The notes also pushed the case for zero excise rates for heated tobacco products, where tobacco is heated to a vapour rather than burned.
"Remove the tobacco excise off less harmful smokeless tobacco products," the document suggests.
That policy would make heated tobacco products, such as the Philip Morris product IQOS, less expensive, assuming the industry passed that tax break on to consumers.
The notes made the case that the tobacco industry itself is in real financial trouble.
"The tobacco industry in New Zealand is on its knees thanks to the decline in smoking from vaping. The message to everyone is the way to kill big tobacco is with vaping because this has not come from mandates but from the most effective thing of all, a better, safer and less expensive alternative."
The new government has promised to scrap the Labour government's attempts to create a smoke-free generation by banning the sale of tobacco to anyone born on or after 1 January, 2009.
The notes attacked Labour's record.
"Labour tinkered around the edges and made a mess of our smoke free laws. They were going to put small business owners up and down the country out of business," it says.
"The policies were ideological nonsense that no other country had been stupid enough to implement. Labour was wanting to treat New Zealanders as guinea pigs in their radical policy experiment."
Smokers were being harshly punished, particularly the poor.
"Our tobacco control measures have had broad and unintended consequences. It has ripped billions of dollars from the poorests and has made many to feel isolated from their communities," the notes say. "We need to treat this for what it is, an addiction, not punish people for it, but help them out of it."
The notes Costello provided to the ministry also pushed the case for dairies and other convenience stores to market vapes. "Recognise dairies, petrol stations and supermarkets are responsible sellers by allowing them to continue selling the three regulated vape flavours while enabling them to market vapes to smokers whenever cigarettes are requested for purchase."

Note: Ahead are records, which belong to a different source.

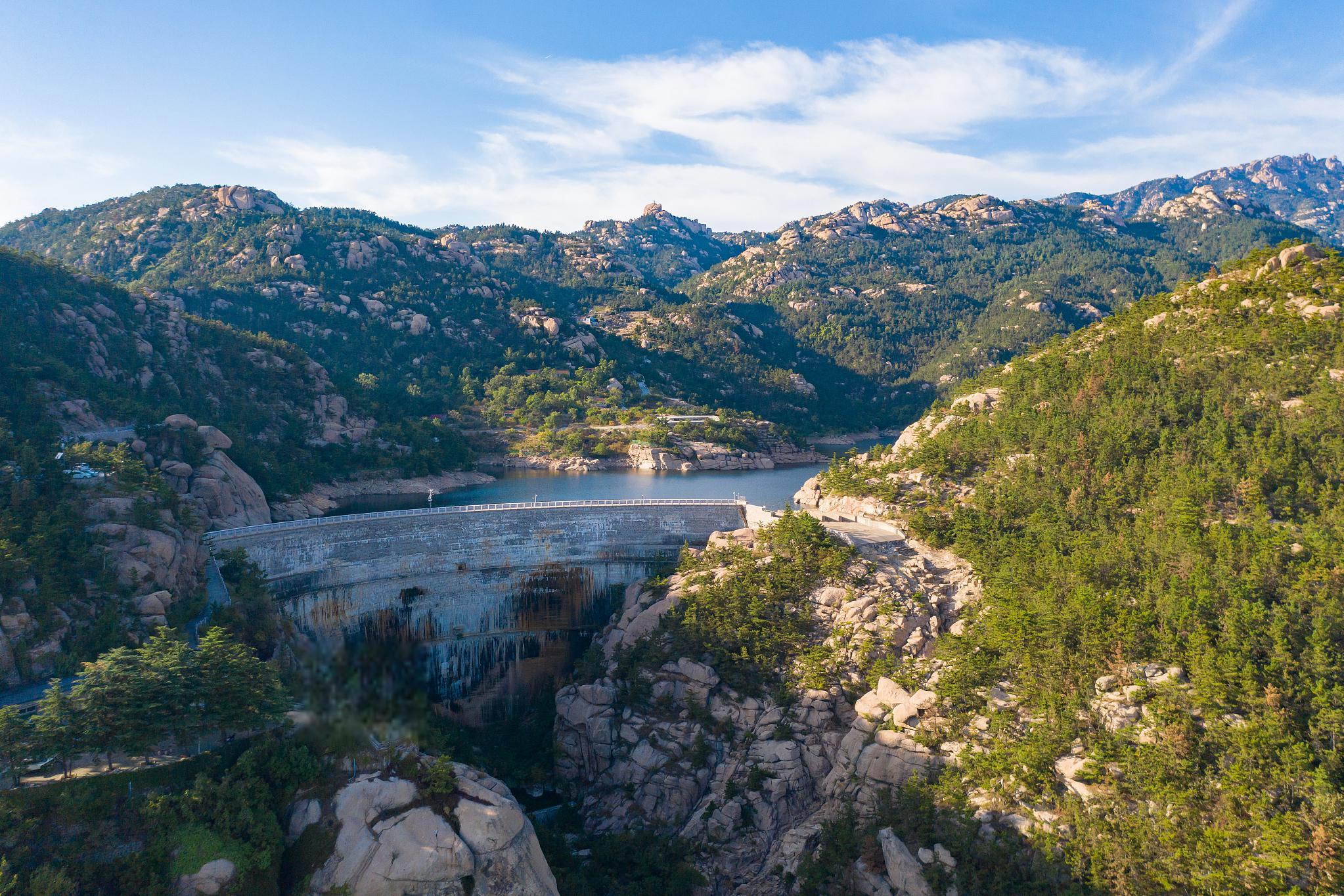 大珠山风景区:自然与人文的完美融合 大珠山风景区,位于青岛西海岸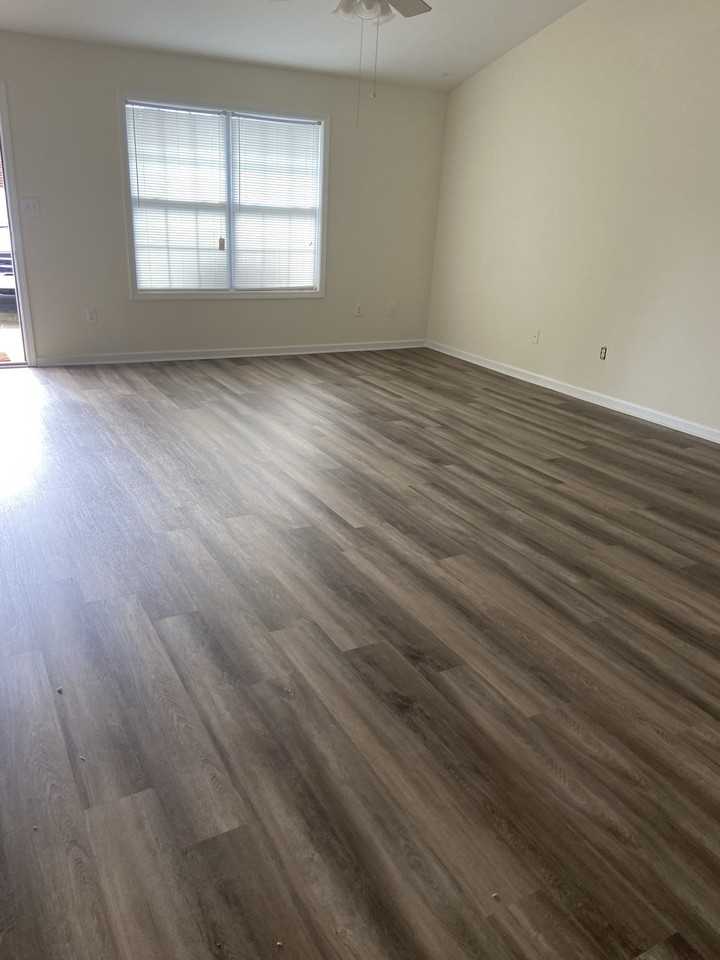 13 Freedom Point Rd - Photo 2 of 7
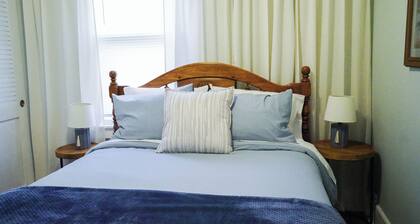 Coastal 3-BR Lower Near Lake MI and Downtown Sheboygan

The document also argues there shouldn't be a reduction in the number of retailers selling tobacco. "This too will just lead to the gangs selling cigarettes. We support small business for whom cigarettes are a major source of income."
It is unclear who "we" is referring to as Costello has not said who the author of the document was.
The retailer reduction would be unfair to smokers, it says.
"Unfair on those without access to transport or those who are disabled. Yet more costs for smokers."
PM Luxon responds
Prime Minister Christopher Luxon was asked about the notes on Thursday afternoon as the story broke on RNZ.
He said the government increased excise tax on cigarettes in December.
He repeated his earlier stance that Costello was determined to reduce smoking rates.
"I've spoken to her about it, she's passionate about it, she cares about it, I've got confidence that she wants to do that," he said.
"She maybe asked for a broad range of advice and feedback [from officials] ... all I can tell you is excise tax has gone up, it's been implemented, it's happening."
Asked if Costello was the right person to be in charge of reducing rates of smoking, he said the government's smokefree position was being "very poorly misrepresented".
The existing legislation had seen daily smoking rates fall from 16.7 a decade ago to 8.6 and then fall another two points.
Pressed again on Costello's role, all Luxon would say was she was very determined to help the 6.8 percent of Kiwis who were still daily smokers.
"We know it gets harder, but she's asking for advice on education ... She's very determined to reduce smoking rates across New Zealand."
He said he was not responsible for every request a minister made.
"I'm clear about the priorities I'm asking them to deliver. I'm clear about the delegation. I've been very clear about that, probably more clear than any previous prime minister."